Stored data:
··········
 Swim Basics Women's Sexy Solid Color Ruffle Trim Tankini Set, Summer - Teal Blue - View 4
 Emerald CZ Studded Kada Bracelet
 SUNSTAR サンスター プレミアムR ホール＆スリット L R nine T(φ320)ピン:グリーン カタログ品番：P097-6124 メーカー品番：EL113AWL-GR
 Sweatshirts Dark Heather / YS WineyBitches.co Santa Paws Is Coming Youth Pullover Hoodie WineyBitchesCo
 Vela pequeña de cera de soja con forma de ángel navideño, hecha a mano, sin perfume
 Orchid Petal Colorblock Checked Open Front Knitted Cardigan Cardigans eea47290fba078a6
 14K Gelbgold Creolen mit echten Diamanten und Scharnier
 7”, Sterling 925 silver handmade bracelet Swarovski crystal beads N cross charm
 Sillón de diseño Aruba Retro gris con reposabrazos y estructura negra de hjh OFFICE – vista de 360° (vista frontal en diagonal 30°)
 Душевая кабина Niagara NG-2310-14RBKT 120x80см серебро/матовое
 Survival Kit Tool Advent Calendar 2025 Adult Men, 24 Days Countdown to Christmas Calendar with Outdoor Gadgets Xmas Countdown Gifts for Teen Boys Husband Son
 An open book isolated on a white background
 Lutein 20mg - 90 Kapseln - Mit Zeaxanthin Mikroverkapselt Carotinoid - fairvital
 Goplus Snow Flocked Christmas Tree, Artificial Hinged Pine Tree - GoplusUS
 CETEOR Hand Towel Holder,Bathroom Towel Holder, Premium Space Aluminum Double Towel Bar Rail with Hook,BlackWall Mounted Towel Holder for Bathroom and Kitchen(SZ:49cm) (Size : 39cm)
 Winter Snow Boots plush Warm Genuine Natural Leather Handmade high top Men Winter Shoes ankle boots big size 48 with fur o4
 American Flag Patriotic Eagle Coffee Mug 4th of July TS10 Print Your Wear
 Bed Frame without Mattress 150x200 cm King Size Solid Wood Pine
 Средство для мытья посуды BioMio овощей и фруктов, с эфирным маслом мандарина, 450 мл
··········
■ **Aim of the task**: All entries should be restated word for word.

■ **Task answer**:
 Swim Basics Women's Sexy Solid Color Ruffle Trim Tankini Set, Summer - Teal Blue - View 4
 Emerald CZ Studded Kada Bracelet
 SUNSTAR サンスター プレミアムR ホール＆スリット L R nine T(φ320)ピン:グリーン カタログ品番：P097-6124 メーカー品番：EL113AWL-GR
 Sweatshirts Dark Heather / YS WineyBitches.co Santa Paws Is Coming Youth Pullover Hoodie WineyBitchesCo
 Vela pequeña de cera de soja con forma de ángel navideño, hecha a mano, sin perfume
 Orchid Petal Colorblock Checked Open Front Knitted Cardigan Cardigans eea47290fba078a6
 14K Gelbgold Creolen mit echten Diamanten und Scharnier
 7”, Sterling 925 silver handmade bracelet Swarovski crystal beads N cross charm
 Sillón de diseño Aruba Retro gris con reposabrazos y estructura negra de hjh OFFICE – vista de 360° (vista frontal en diagonal 30°)
 Душевая кабина Niagara NG-2310-14RBKT 120x80см серебро/матовое
 Survival Kit Tool Advent Calendar 2025 Adult Men, 24 Days Countdown to Christmas Calendar with Outdoor Gadgets Xmas Countdown Gifts for Teen Boys Husband Son
 An open book isolated on a white background
 Lutein 20mg - 90 Kapseln - Mit Zeaxanthin Mikroverkapselt Carotinoid - fairvital
 Goplus Snow Flocked Christmas Tree, Artificial Hinged Pine Tree - GoplusUS
 CETEOR Hand Towel Holder,Bathroom Towel Holder, Premium Space Aluminum Double Towel Bar Rail with Hook,BlackWall Mounted Towel Holder for Bathroom and Kitchen(SZ:49cm) (Size : 39cm)
 Winter Snow Boots plush Warm Genuine Natural Leather Handmade high top Men Winter Shoes ankle boots big size 48 with fur o4
 American Flag Patriotic Eagle Coffee Mug 4th of July TS10 Print Your Wear
 Bed Frame without Mattress 150x200 cm King Size Solid Wood Pine
 Средство для мытья посуды BioMio овощей и фруктов, с эфирным маслом мандарина, 450 мл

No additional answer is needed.